Americans watching the nightly television news about terrorist threats to the United States from the Islamic world frequently ask the bewildered question: Why do they hate us so much? It is difficult for Americans, so convinced that their country stands for freedom and democracy, to imagine why such apparently worthy goals could arouse such fierce opposition. In Occidentalism: The West in the Eyes of Its Enemies, Ian Buruma and Avishai Margalit answer this question in an unusual way. They do not immediately cover the prevalent views of the West among those in the Islamic world. Instead, they examine extreme anti-Western views, which they call Occidentalism, that have emerged from within the West itself, from where such ideas have spread to the Islamic world. The authors identify several strands of Occidentalism that can be found wherever the phenomenon has occurred: hostility to city life; opposition to science and reason; contempt for the settled, mediocre bourgeois lifestyle; and hatred of the infidel, who must be destroyed.

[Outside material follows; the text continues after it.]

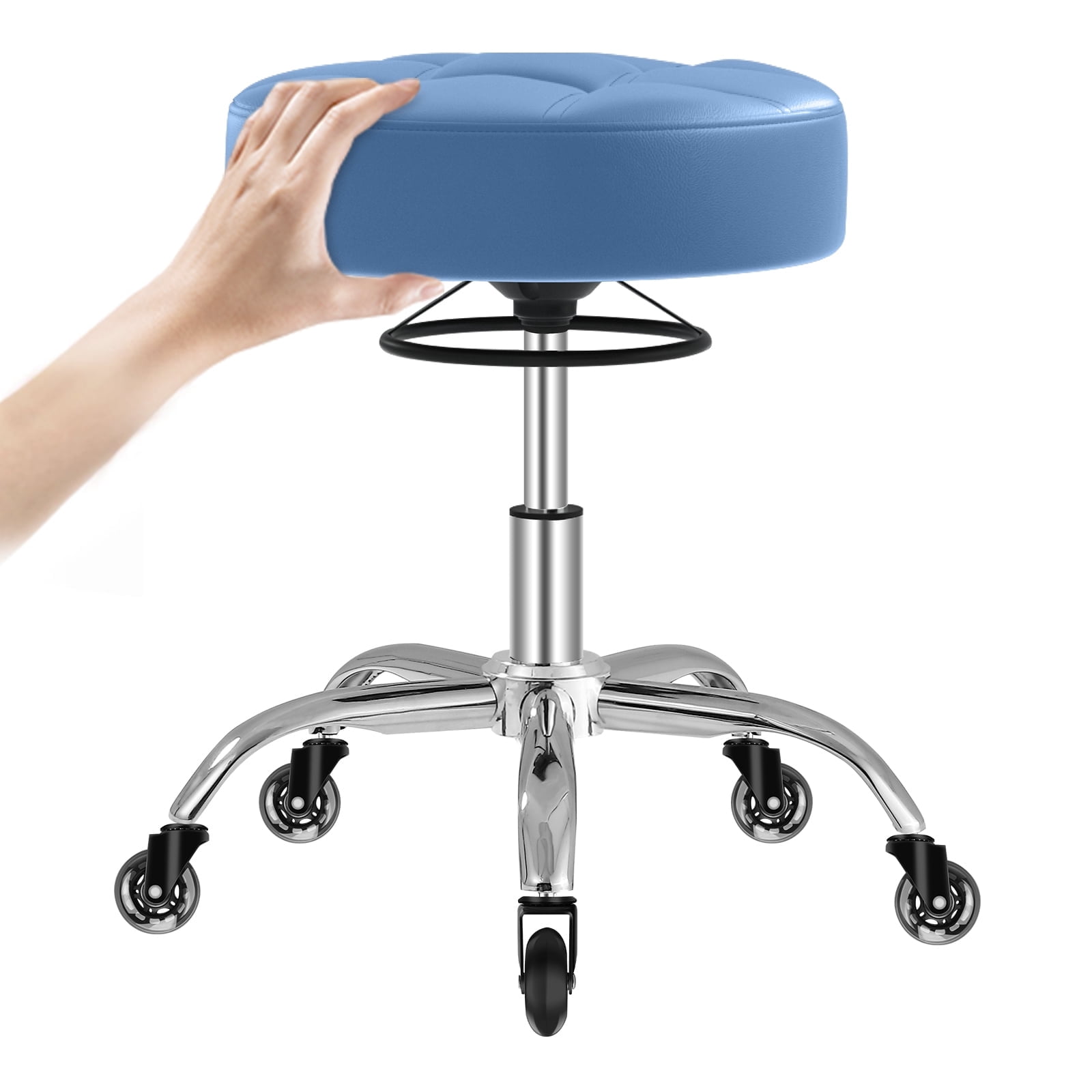 Steel Stool Rooling Medical Stool Heavy Duty 304 Stainless Steel Adjustable Rolling Stool ...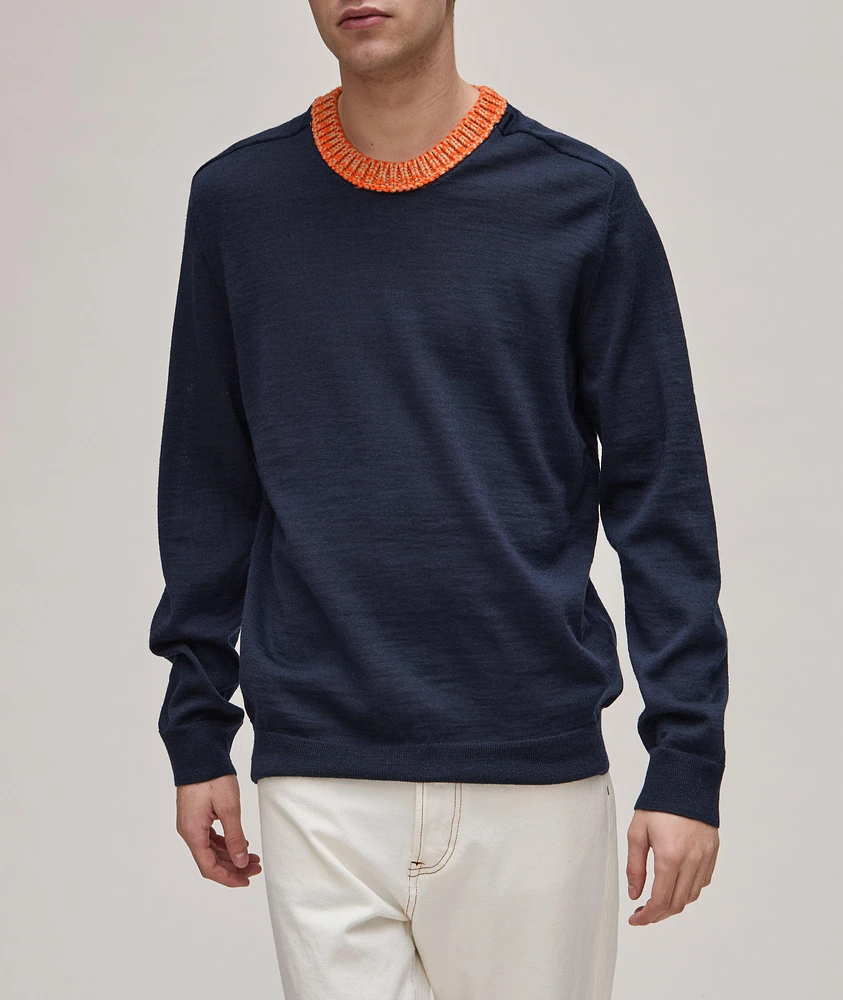 Contrast Weave Collar Wool Sweater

Hostility to the sinful city, given to pleasure and commerce rather than to the worship of God, was dramatically revealed on September 11, 2001, when Islamic terrorists attacked the Twin Towers in New York, symbol of American power and commerce. Hatred of cities as perceived centers of corruption is not a new phenomenon. It can be traced as far back as Juvenal's satire of ancient Rome and the hatred of the early Christians for Babylon, which they referred to as the great whore—a metaphor that has endured because it expresses the idea that in a city, the highest goal is the pursuit of wealth, which means that everything is for sale. Everything has a price—but nothing has a soul.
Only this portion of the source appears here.